● WHAT THE TASK REQUIRES: Output the whole listing exactly, with no pictures.

● SUPPLIED MATERIAL:
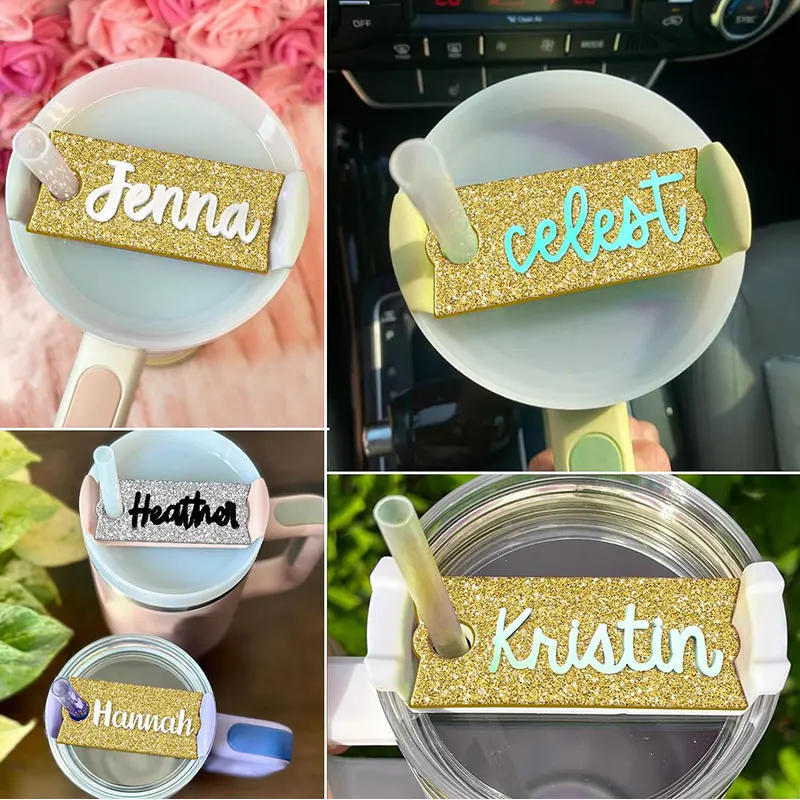 Personalized 20oz 30oz Tumbler Name Plate Lid Topper Custom Name Tag 40oz Cup Shiny Acrylic Lid Stanly thermos accessories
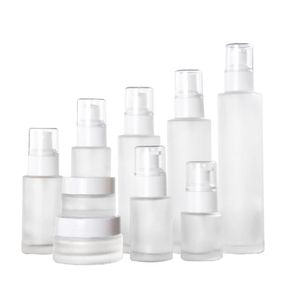 20 ml 30 ml 40 ml 60 ml 80 ml 100 ml 120 ml Frostat glas Kosmetisk flaskelotion Pump Bottle Refillable Liquid Parfym Spray Bottles2568904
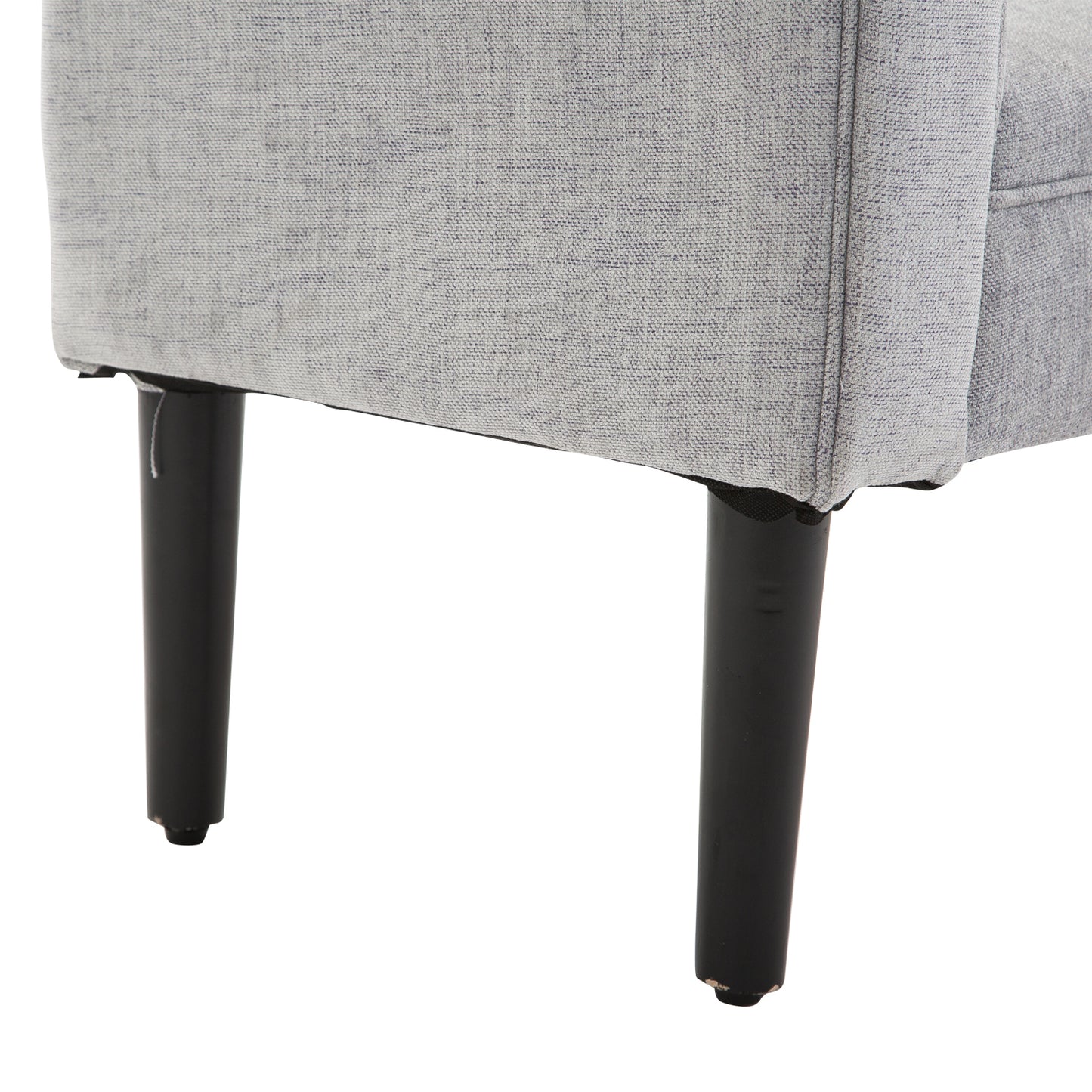 HOMCOM Polsterbank Sitzbank Lounge Sitzhocker Flurbank Bettbank elegant mit gerollten Seiten Leinenstoff Schaumstoff Polyester Hellgrau 132 x 45,5 x 58 cm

● OUTPUT OF THE TASK:
 Personalized 20oz 30oz Tumbler Name Plate Lid Topper Custom Name Tag 40oz Cup Shiny Acrylic Lid Stanly thermos accessories
 20 ml 30 ml 40 ml 60 ml 80 ml 100 ml 120 ml Frostat glas Kosmetisk flaskelotion Pump Bottle Refillable Liquid Parfym Spray Bottles2568904
 HOMCOM Polsterbank Sitzbank Lounge Sitzhocker Flurbank Bettbank elegant mit gerollten Seiten Leinenstoff Schaumstoff Polyester Hellgrau 132 x 45,5 x 58 cm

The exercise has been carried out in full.